A strong and growing body of psychological evidence indicates that people
who watch a great deal of television, with its incessant stream of commercials,
have more materialistic values, and that materialistic values are associated
with increased depression, anxiety, substance abuse, interpersonal problems,
and antisocial behavior. According to Allen Kanner and Timothy Kasser,
two of the psychologists who signed last year's letter to the American
Psychological Association, "studies on 'materialism' show that individuals
highly focused on materialistic values also report less satisfaction with
life...worse interpersonal relationships, more drug and alcohol abuse,
and less contribution to community...[and this process contributes] to
the formation of a shallow 'consumer identity' that is obsessed with instant
gratification and material wealth."
To be sure, advertisers and marketers are not solely responsible for
this problem. But with billions spent each year on psychological studies
and advertising designed to promote explicitly antisocial values, advertisers
should no longer be allowed to avoid their share of responsibility. In
the competition for share of mind, mothers and fathers seem to be losing.

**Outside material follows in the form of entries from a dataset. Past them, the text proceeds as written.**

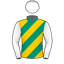 Steven Woodsford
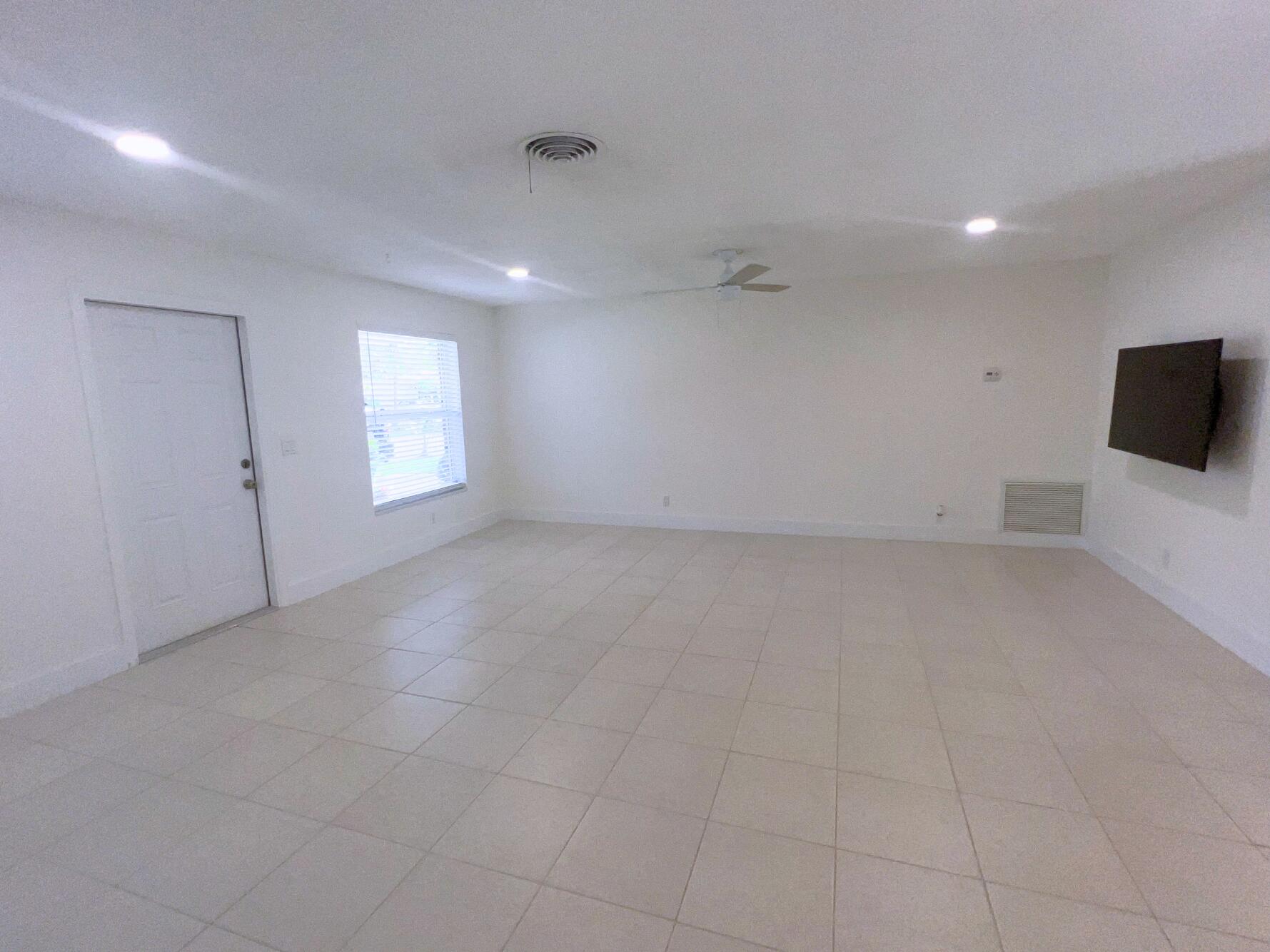 1260 Manor, Riviera Beach FL 33404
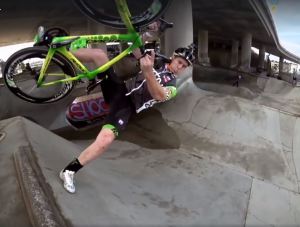 Road Bike Party 3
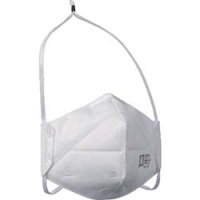 美国 3M  安全衛生製品事業部 2091 OHSP ３Ｍ　交換用ろ過材　２０９１　２個入り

But it is not too late to fight back. Advertisers need to know that they
cannot own our children. They should not be free to continue to pervert
our children's values. They should not be permitted to exploit our children
in their classrooms. They should not be allowed to use the techniques
of psychology to manipulate our children. They should be prohibited from
targeting our babies and toddlers.
What can be done? One answer is for Congress to give the Federal Trade
Commission (FTC) full authority to undertake a comprehensive rule-making
on advertising and marketing to children. In the late 1970s, the staff
of the FTC proposed restrictions on advertising aimed at young children
on the theory that such advertising is inherently unfair. Congress responded
by passing the Federal Trade Commission Improvements Act of 1980, which,
among other things, prohibited the commission from promulgating "any
rule [asserting] that such advertising constitutes an unfair act or practice."
This tied the commission's hands. Although the statute's reach is unclear,
it remains on the books and is an impediment to an unfettered and vigorous
FTC response to the growing abuses in advertising to children.
As a first step in safeguarding our children, this law should be repealed.
The hands of the FTC should be untied to permit it to deal aggressively
with what has now become a profound threat to our children and our society.
Furthermore, Congress should direct the FTC to initiate a broad-based
rule-making to protect children from harmful advertising, and it should
provide adequate funding to permit the FTC to carry out this task with
a sense of urgency for the well-being of our nation's children.
Even more than a competition for a share of our children's minds, this
is a competition for a share of their souls.